To make matters worse, bed bugs are programmed to survive long periods without feeding, with some experts even estimating they can survive up to a year without eating.  During the day, they know where to hide as well–oftentimes in small crevices or cracks you’d never think to look.

And once it infests your home, they are impossible to get rid of.

“Getting rid of bedbugs is neither quick nor easy,” says McMillen. “The better question is, what is the most thorough way to get rid of them.”

5 Cheap Ways to Get Rid of Bed Bugs

Unfortunately, it’s true: Bed bugs are one of the hardest pests to get rid of, according to numerous experts.  Unfortunately, with bed bug exterminator costs climbing higher and higher (expect to pay over a grand just for one treatment), more people are forgoing professional treatments in lieu of do-it-yourself work.

Luckily, though, you needn’t pay a fortune to eradicate these bugs from your home, however, thanks to new evidence which shows that bed bugs are repelled by certain substances.  So what’s the best way to get rid of them for good?

1. Try the dry ice trick.  First popularized by Dr. Changlu Wang, head of the urban entomology department at Rutgers University, this method have been proven to attract–and trap–all sorts of bed bugs, including nymphs.  How to do it: In any affected room, place a block of dry ice under a pet bowl and leave it be.  The carbon dioxide it emits attracts bed bugs and encourages them to gather around it, acting as a bug trap.

2. Use diatomaceous earth.  Made from fossilized remains of shells, this dust kills bed bugs from the inside out, yet poses no hazard to animals or humans.  A simple sprinkling on this in any affected areas of your house may be all you need to keep bed bugs at bay.  Recommended use: After securing your bed with a plastic wrap, sprinkle diatomaceous earth around your bed legs and any small cracks and crevices.  Doing so will prevent bed bugs from biting you at night–and it kills them!

3. Prevention is best.  Bed bugs favor small cracks and crevices in your home to hide in during the day, so use this to your advantage–by trapping them in there for good.  The solution: Sealing all cracks and crevices in your house with a professional-strength caulk will keep these critters at bay for good.  Replacing old wallpaper with new wallpaper can also help, as it eliminates additional hiding spots for bed bugs.

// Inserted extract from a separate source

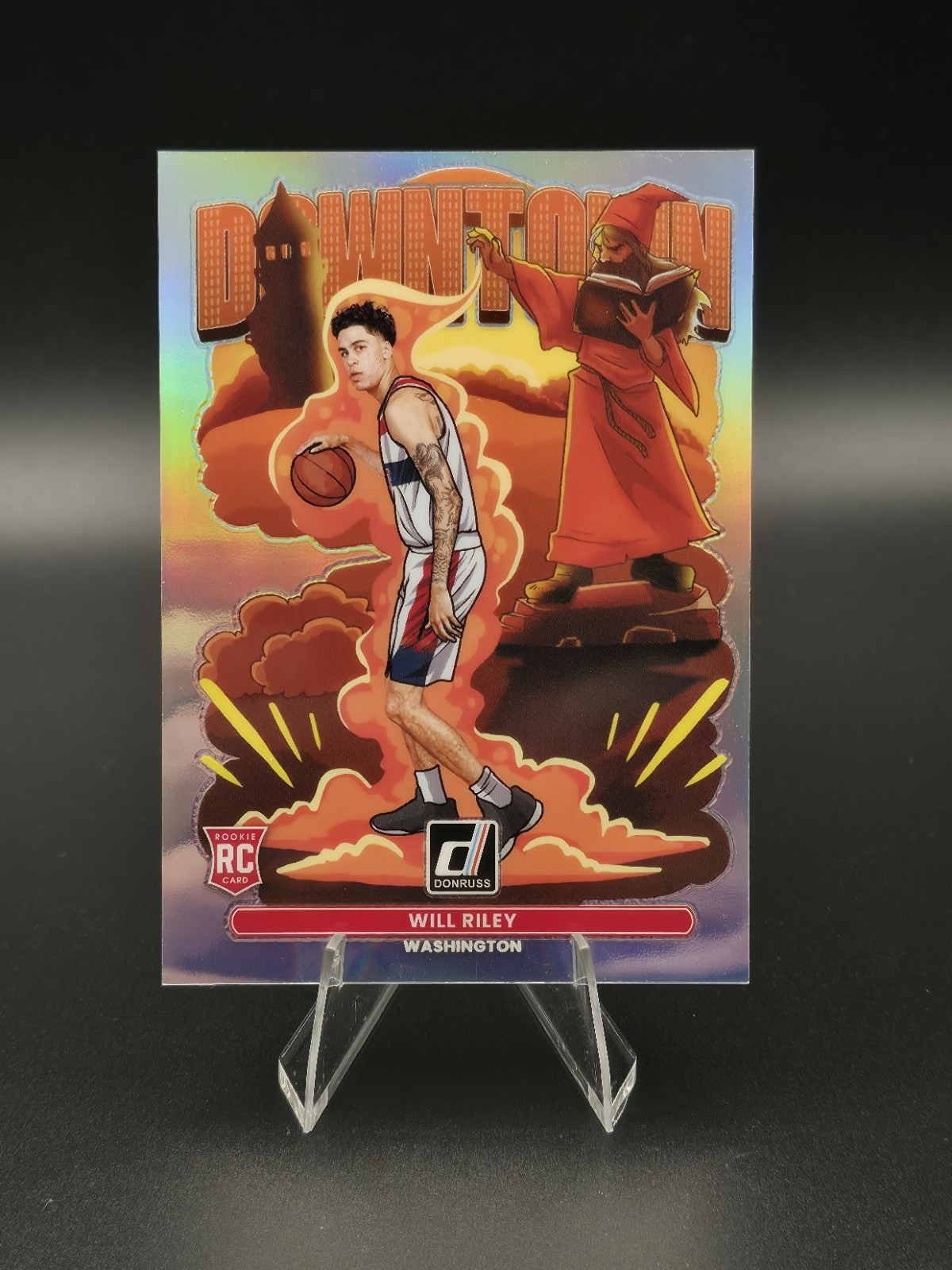 Will Riley 2025-26 Panini Donruss Downtown #10 RC Insert Washington Wizards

4. Do your laundry.  To eradicate any bed bugs from your clothing, the easiest solution is to throw your clothes in the washer and dryer–but it isn’t because clean clothes repel these pests.  Instead, its killing power lies in heat; bed bugs can’t tolerate scorching temperatures.  Make sure to store them in a safe place afterward to prevent reinfestation.

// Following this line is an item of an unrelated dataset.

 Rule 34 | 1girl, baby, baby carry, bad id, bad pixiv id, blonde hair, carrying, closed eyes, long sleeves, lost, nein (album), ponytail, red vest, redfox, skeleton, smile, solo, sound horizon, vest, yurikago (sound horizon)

“Wash and dry your bed linens often using the hottest temperature allowed for the fabric,” says Orkin. “Bed bugs can multiply quickly, so early detection is critical to help prevent an even larger infestation.”

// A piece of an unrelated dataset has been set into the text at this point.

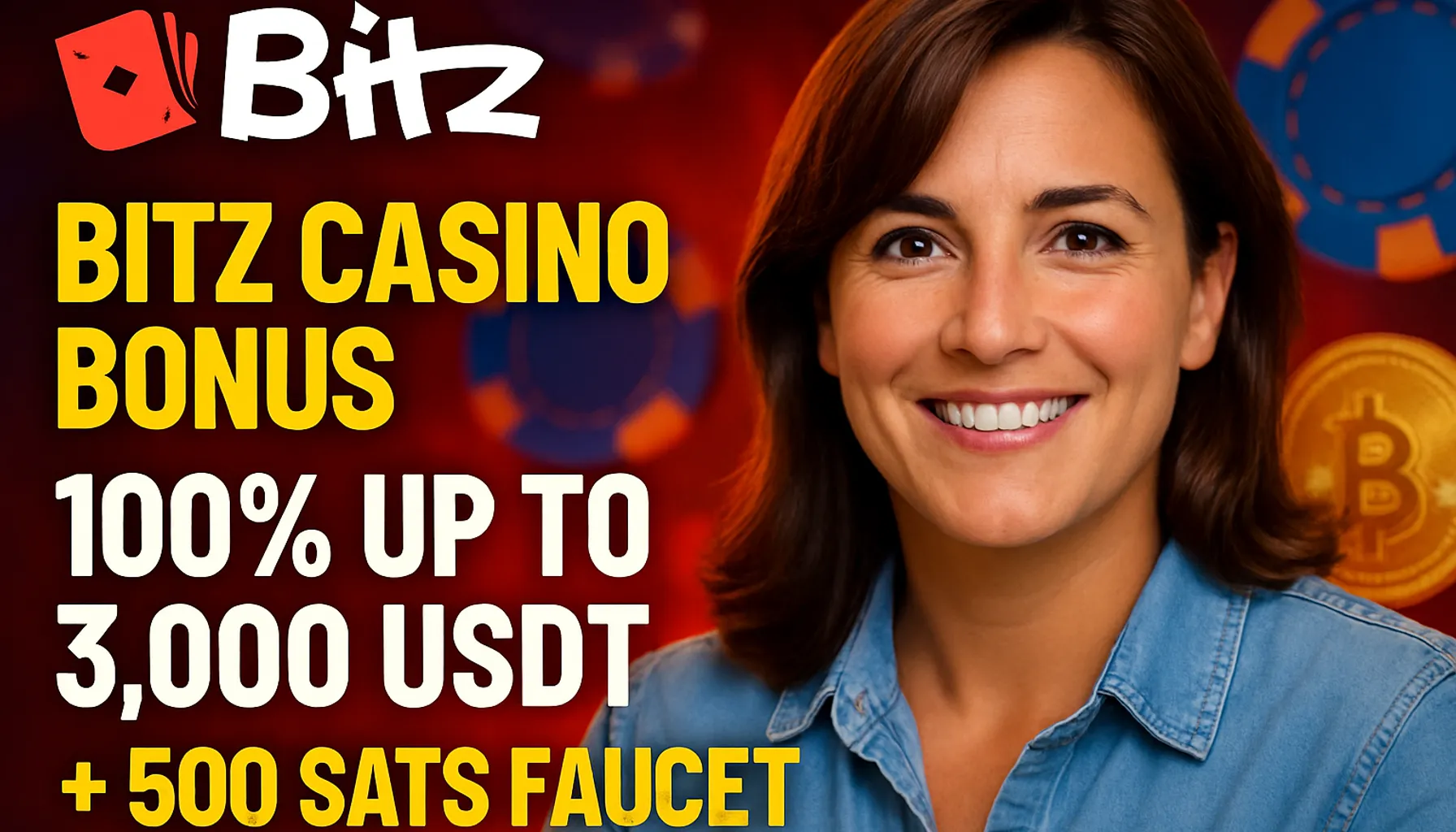 Cover image for Bitz Casino Bonus: 100% Up to 3,000 USDT + 500 SATS Faucet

5.  Put them in cold ice.  If you suspect your clothing, small furniture items, or other household items have been contaminated, there’s one easy for killing them for good: Freeze them.  Left in frozen ice for several days, the extreme cold will kill all bed bugs, including their larvae.  Remember to thaw it out gently afterward to ensure your favorite items stay in tip top shape.

Bed Bug Removal Made Cheap

Remember, when it comes to bed bug removal, you’re always in full control–and it doesn’t need to cost you thousands of dollars either.  But whatever you do, remember that simple bug repellant isn’t enough to do the job.

“Unfortunately, there’s no effective repellant for bedbugs,” says McMillen. “Even if there were, it wouldn’t get rid of them.”